At Florida newspapers, belt tightening galore
Wake up and good morning. The rough times for newspaper and media companies just get rougher. And Tampa Bay newspapers -- all Florida newspapers -- are in the thick of it. Tampa Tribune owner Media General reported a hefty $85.5 million loss in the fourth quarter and suspended its dividend among other cost-cutting and money-raising actions. And Times Publishing Co., which owns the St. Petersburg Times, put its Congressional Quarterly affiliate up for sale.
The belt tightening is not over. Stated Media General CEO Marshall N. Morton (in photo) on Thursday:
"The publishing division's lower fourth-quarter results were due to the continuation of the declining economic trends that we have experienced all year, particularly in Florida."
A New York Times story this week quoted Paul C. Tash, editor of the St. Petersburg Times, and chairman and chief executive of Times Publishing, on plans to use the proceeds from a CQ sale to bolster the newspaper:
“Right now, the newspaper’s not as successful as it once was, and CQ deserves an owner that can help grow it.”
Keep in mind these are different corporate animals. Publicly traded Media General, based in Richmond, Va., owns the Tribune and the local WFLA NBC TV affiliate here, among many newspapers and TV stations. The St. Pete Times (Florida's largest newspaper) is owned by the private, for-profit Times Publishing Co., which in turn is owned by the Poynter Institute, a St. Petersburg-based, nonprofit foundation for journalism education. As the New York Times story notes, Poynter operated at a $2.1 million loss in 2007, on $7.7 million in revenue, according to its most recent public filing with the IRS.

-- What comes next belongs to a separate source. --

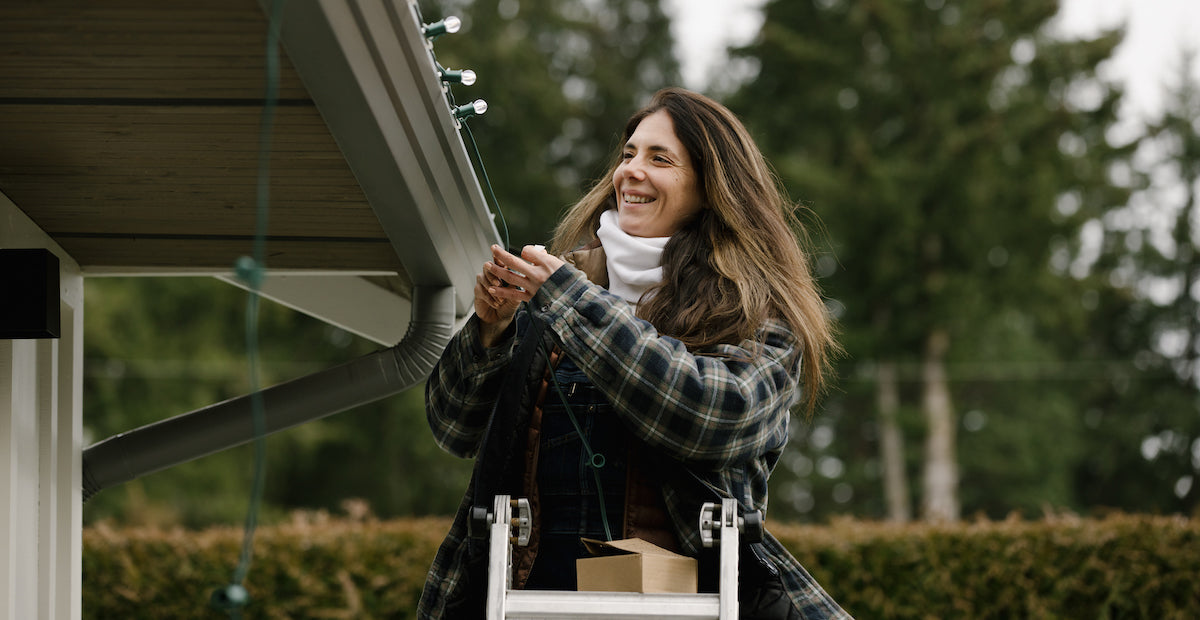 Woman hanging G30 Warm White Christmas Lights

The best barometer to track Media General's health is the company's stock price. It closed Thursday at a puny $2.16 and boasts an anemic market value for the entire corporation of $49-million. Its stock has been as low as $1.27 and as high as $27.18 in the past year.
In a conference call with analysts Thursday, Media General executives outlined some of the steps (beyond job cuts) it is taking to pare more costs and raise new cash. It suspended its dividend. It's halting all company matching of 401(k) contributions starting in April. This week it struck a deal to sell its Jacksonville television station, WCWJ TV-17, to a Texas-based broadcaster.
Morton told analysts that the Super Bowl in Tampa means special coverage in both the Trib and at WFLA and sponsorships as a sponsor for the Tampa Bay Super Bowl host committee. Morton also mentioned a new "co-owned" magazine -- "an upscale lifestyle magazine for Tampa Bay will launch for the special Super Bowl edition, just in time for the game."
Some perspective. It's not just Tampa Bay newspapers taking it on the chin. The Orlando Sentinel and Fort Lauderdale's South Florida Sun-Sentinel are both owned by the Tribune Co., which is in Chapter 11 bankruptcy. The Miami Herald has been put up for sale (again) by struggling owner McClatchy. And Morris Publishing Group, owner of Jacksonville's Times-Union and 12 other daily newspapers, announced Wednesday it hired Lazard Freres & Co. as its financial advisor. Lazard is the same firm that advised the Tribune Co. as it filed for Chapter 11 bankruptcy protection. Morris is trying to sell enough assets to meet a negotiated May 30 deadline to repay its loans in full.
Hey, it's only January. Plenty of drama lies ahead for a Florida newspaper industry searching for a bottom to the market and leaner, more innovative ways to give people the news. Think about the times we live in. Who dares stay uninformed?